- [What the task asks]: Exclude the pictures and reproduce exactly the lines that run from the one holding "SpringHill Suites by" to the end of the entries below.

Image-text web data
----

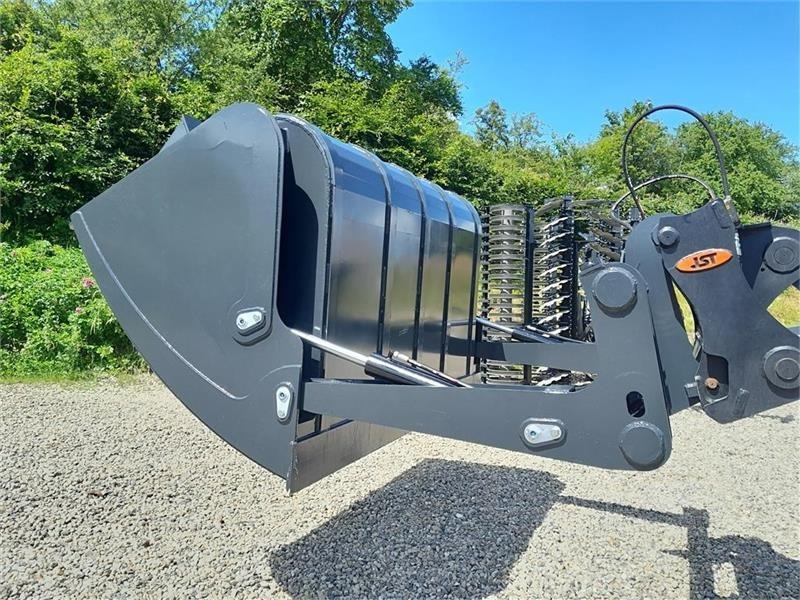Inter-Tech Højtipskovl 3 kb3 INTER TECH 2,60m - Loader bucket: picture 5 Inter-Tech Højtipskovl 3 kb3 INTER TECH 2,60m - Loader bucket: picture 5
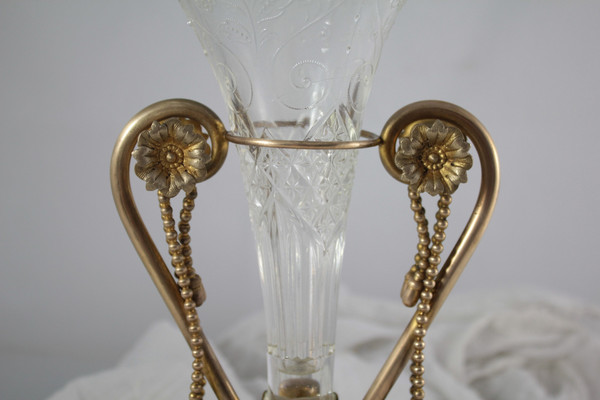 Hornvase aus Glas und vergoldeter Metallfassung um 1900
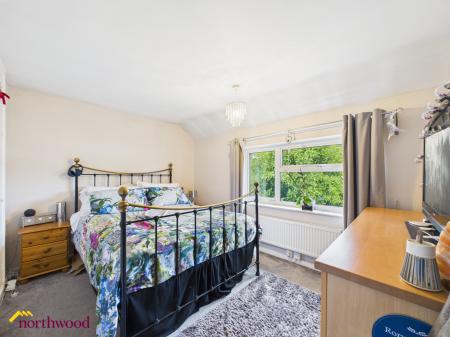 3 bedroom Semi-detached house for sale in Woodgreen Avenue, Banbury, OX16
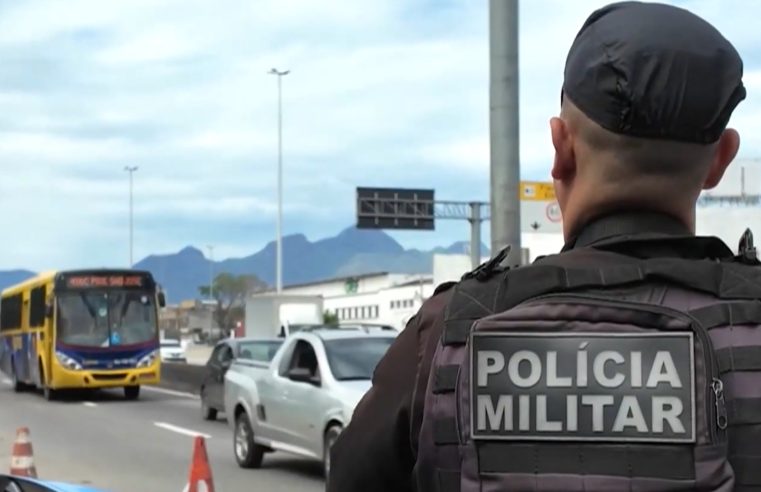 Dois suspeitos são baleados e um deles morre em tiroteio com PMs na Avenida Brasil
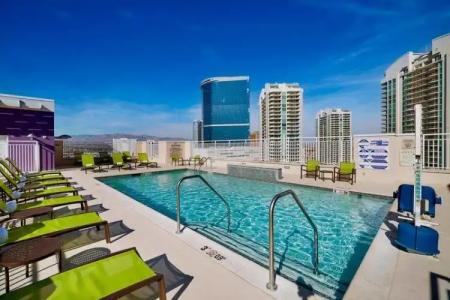SpringHill Suites by Marriott Las Vegas Convention Center - 53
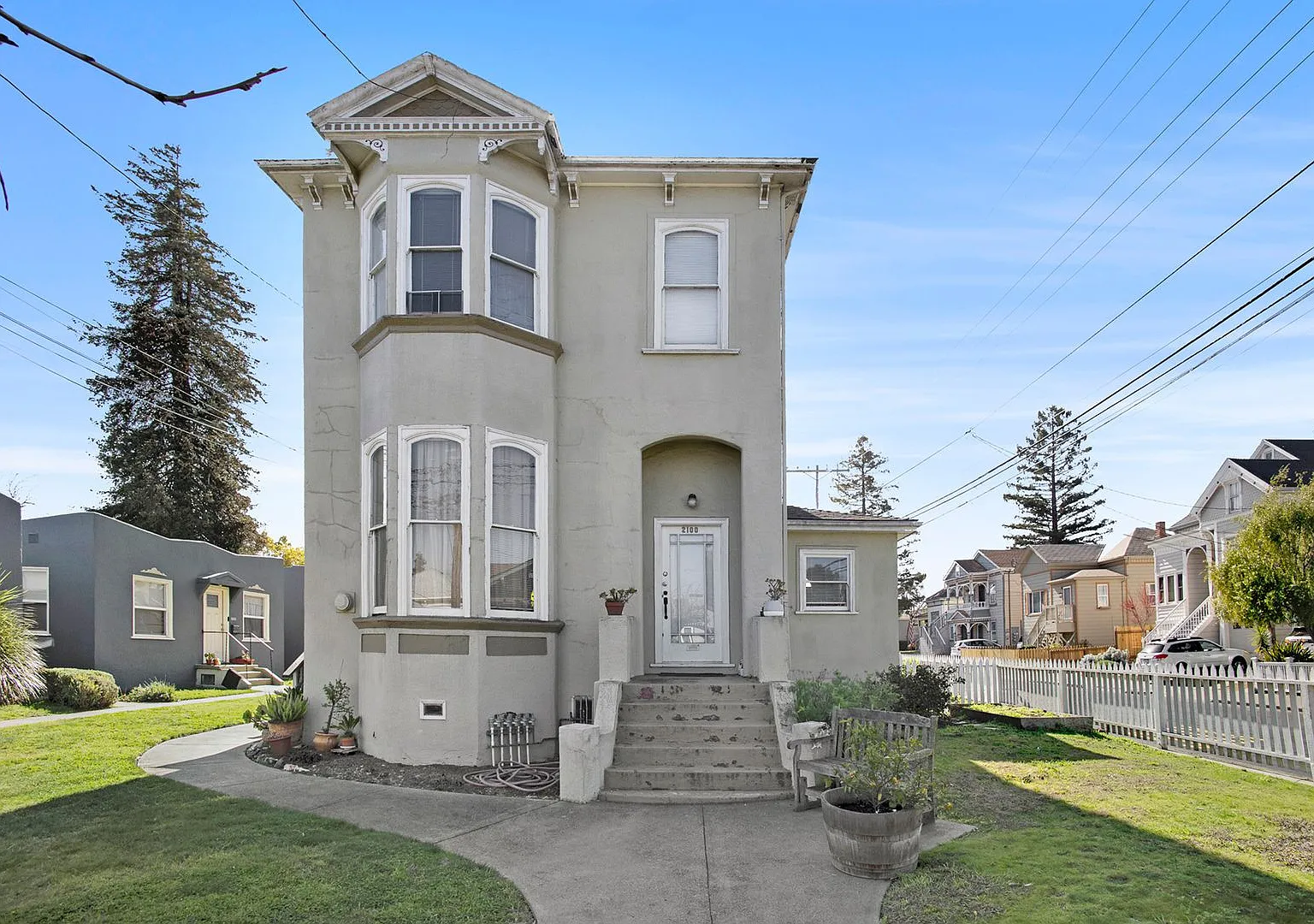 Pacific Ave 2100, 2106, 1614-1616 Willow St — Photo 1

----

- [Exercise output]:
SpringHill Suites by Marriott Las Vegas Convention Center - 53
 Pacific Ave 2100, 2106, 1614-1616 Willow St — Photo 1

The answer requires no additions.